MATERIAL PROVIDED Start Marker

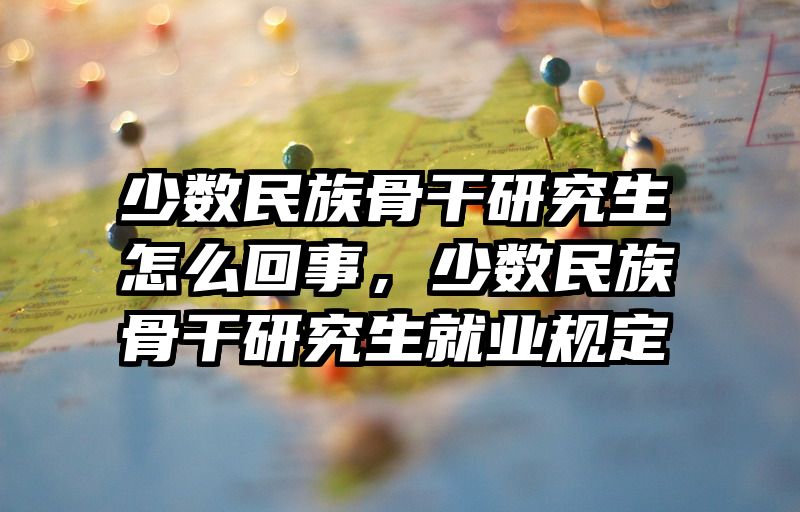 少数民族骨干研究生怎么回事，少数民族骨干研究生就业规定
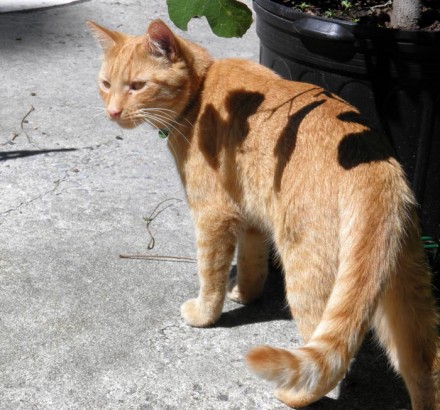 missing tabby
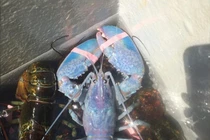 Ngư dân Mỹ bắt được tôm hùm màu kẹo bông siêu quý hiếm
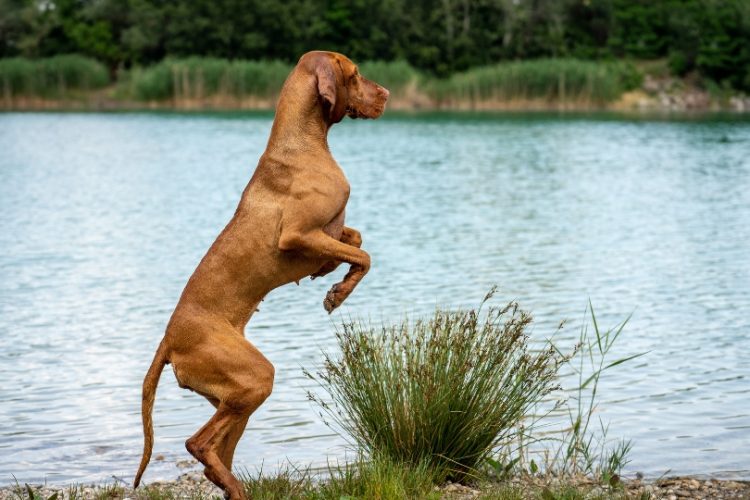 Síndrome de la cola fría en perros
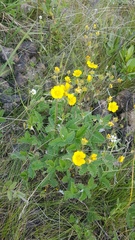 Potentilla crebridens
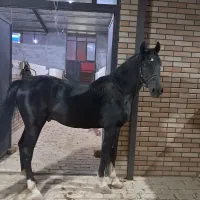 فروش نریان کره پوریا قاسمیان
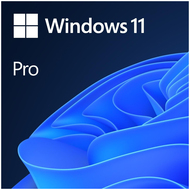 Windows 11 Pro ESD, 64 bit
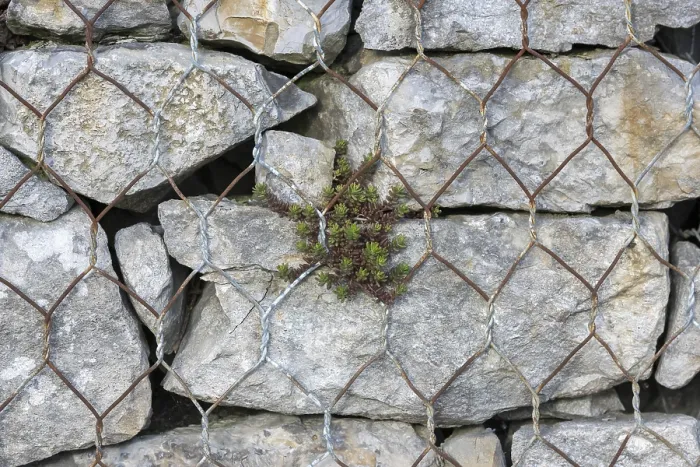Gerahmter Druck : Kieselsandstein gefüllter Gabion. Gerahmter Druck : Kieselsandstein gefüllter Gabion.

MATERIAL PROVIDED End Marker

Take the line containing "Ngư dân Mỹ bắt" as the first and the last line of the records as the end. Print every line in that span exactly, leaving out pictures.

--- EXERCISE RESULT ---
 Ngư dân Mỹ bắt được tôm hùm màu kẹo bông siêu quý hiếm
 Síndrome de la cola fría en perros
 Potentilla crebridens
 فروش نریان کره پوریا قاسمیان
 Windows 11 Pro ESD, 64 bit
Gerahmter Druck : Kieselsandstein gefüllter Gabion. Gerahmter Druck : Kieselsandstein gefüllter Gabion.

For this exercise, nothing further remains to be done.